Reduction of 5-HT signaling has been suggested to enhance dopamin

Reduction of 5-HT signaling has been suggested to enhance dopaminergic responses in animal CHIR99021 models of psychosis. An intriguing naturalistic strategy to reduce 5-HT brain content is afforded by the dietary restriction to its

precursor, l-tryptophan (TRP).

Objective We investigated the impact of a TRP-deficient diet in rats on the prepulse inhibition of the startle (PPI), a measure of sensorimotor gating which is typically impaired by psychotomimetic substances.

Materials and methods After either short-term (6 h) or long-term (14 days) TRP deprivation, rats were tested for startle reflex and PPI. Moreover, we assessed the impact of both TRP deprivation regimens on PPI reduction induced by the psychotomimetic substance d-amphetamine (AMPH).

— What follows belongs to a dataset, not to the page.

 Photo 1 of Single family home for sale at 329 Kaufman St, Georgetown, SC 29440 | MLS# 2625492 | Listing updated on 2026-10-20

Results Both TRP-deficient regimens failed to significantly affect PPI responses. However, chronic, but not short-term, TRP-deficient diet induced a significant sensitization to the effects of AMPH (1.25-2.5 mg/kg, subcutaneous). The enhanced predisposition to PPI disruption elicited by prolonged TRP deprivation was completely reversed 24 h after reinstatement

of TRP in the diet, as well as pretreatment with antipsychotic drugs haloperidol (0.1 mg/kg, intraperitoneal) and clozapine (5 mg/kg, intraperitoneal), which exert their therapeutic action mostly through blockade of DA D(2) receptors.

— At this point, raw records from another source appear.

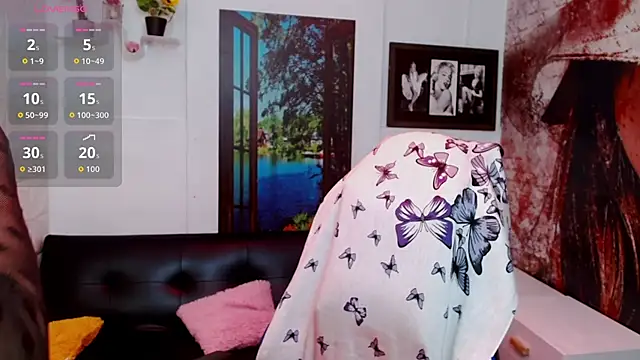 Snapshot of Eva_Roussell chatting on 21, 2, 2026 Eva Roussell online show from 21, 2, 2026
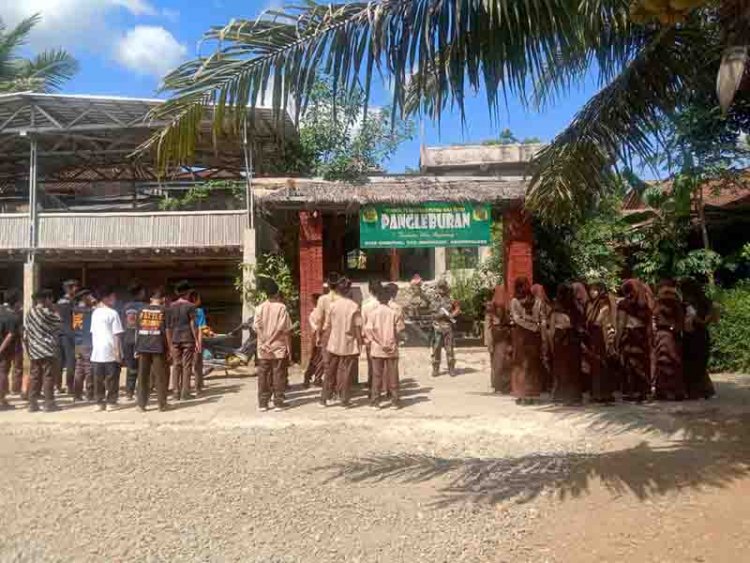 LATIH LDK DI SMP ISLAM PANGLEBURAN, INI HARAPAN BABINSA PELDA HERMAWAN BS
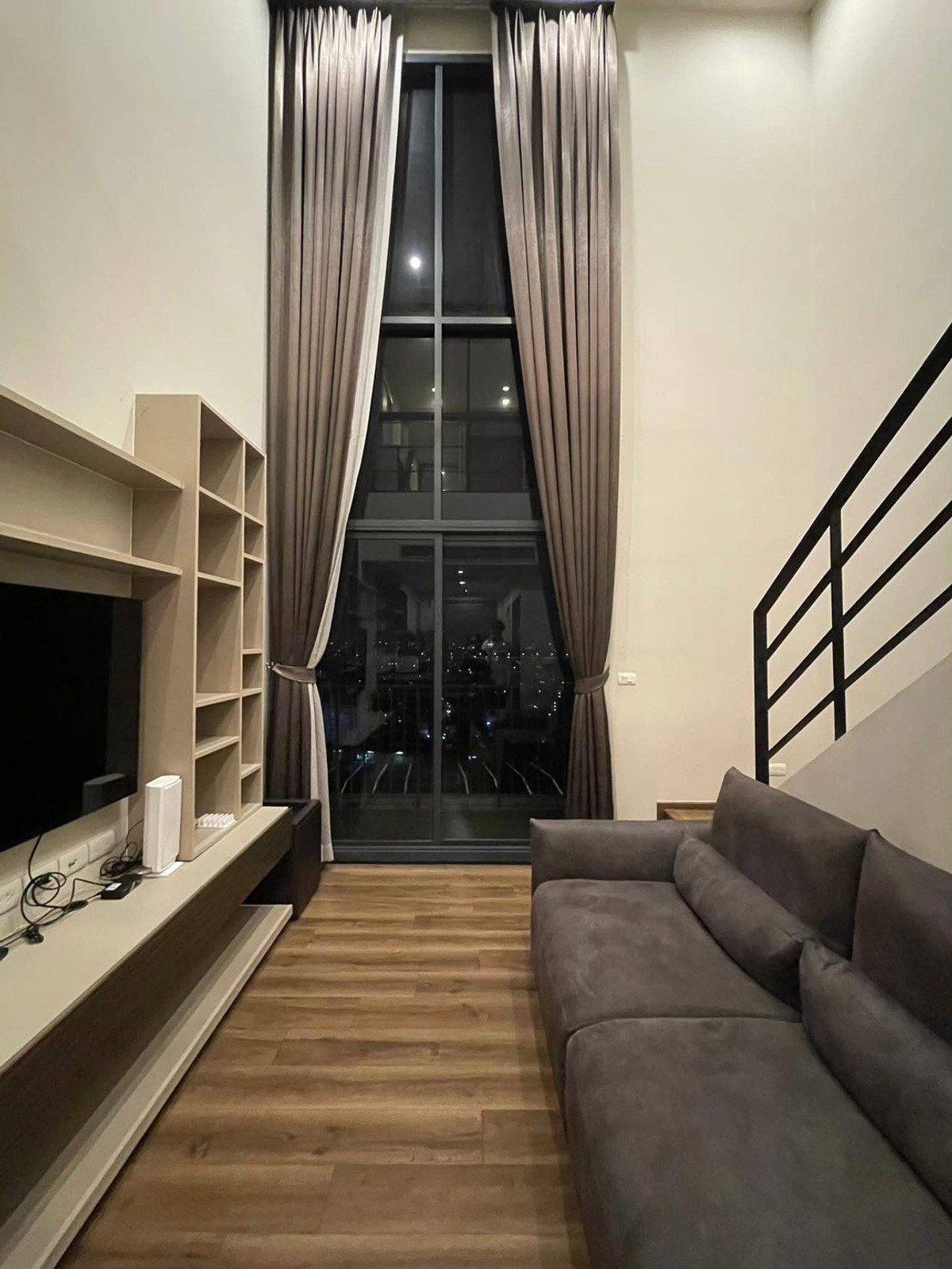 ให้เช่าคอนโดสะพานควาย จตุจักร : ★ Onyx Phaholyothin ★ 42 ตรม.,ชั้น 20 duplex type (1 ห้องนอน 1 ห้องน้ำ), ★ใกล้ BTS สะพานควาย ★ใกล้บิ๊กซี สะพานควาย, Villa Market, JJ Mall, สวนจตุจักร★ สิ่งอำนวยความสะดวกมากมาย★ เครื่องใช้ไฟฟ้าครบครัน★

Conclusions The present results confirm and extend previous findings

on the impact of serotonergic signaling in the modulation AZD4547 concentration of DA transmission in schizophrenia and point to chronic TRP deprivation as a potential model of environmental manipulation that may produce a sensitization to psychotic-like symptoms induced by dopaminergic activation.”
“BACKGROUND AND IMPORTANCE: To present the feasibility of using the Ascent balloon, a new double-lumen remodeling balloon, for a new 2-in-1 technique allowing coiling through the lumen of the balloon without the use of an additional coiling microcatheter. Remodeling technique had enlarged the indications for endovascular treatment of intracranial aneurysm. Nevertheless, one Levetiracetam of the limitations of this technique is that it requires using 2 devices in the same parent artery.

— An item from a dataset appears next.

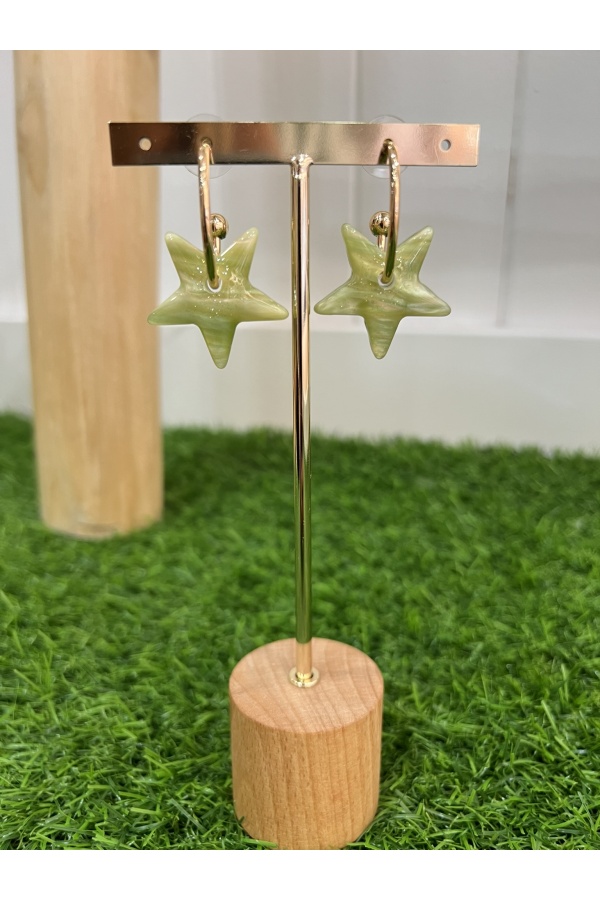Pendientes Estrella Piercing Verde. Bisuteria.  | Bambalinas Closet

CLINICAL PRESENTATION: A 55-year-old woman presented with a 7.7 x 4.5-mm incidental anterior communicating artery aneurysm. Only 1 A1 segment (left side) was patent on the cerebral angiogram. A 6F Fargo Max guiding catheter was positioned in the left petrous internal carotid artery. The Ascent balloon was placed in front of the neck of the aneurysm after navigation on a Traxcess 0.014-in guidewire. Coiling of the aneurysm sac was performed via 1 lumen of the device under iterative inflations of the balloon through the second lumen.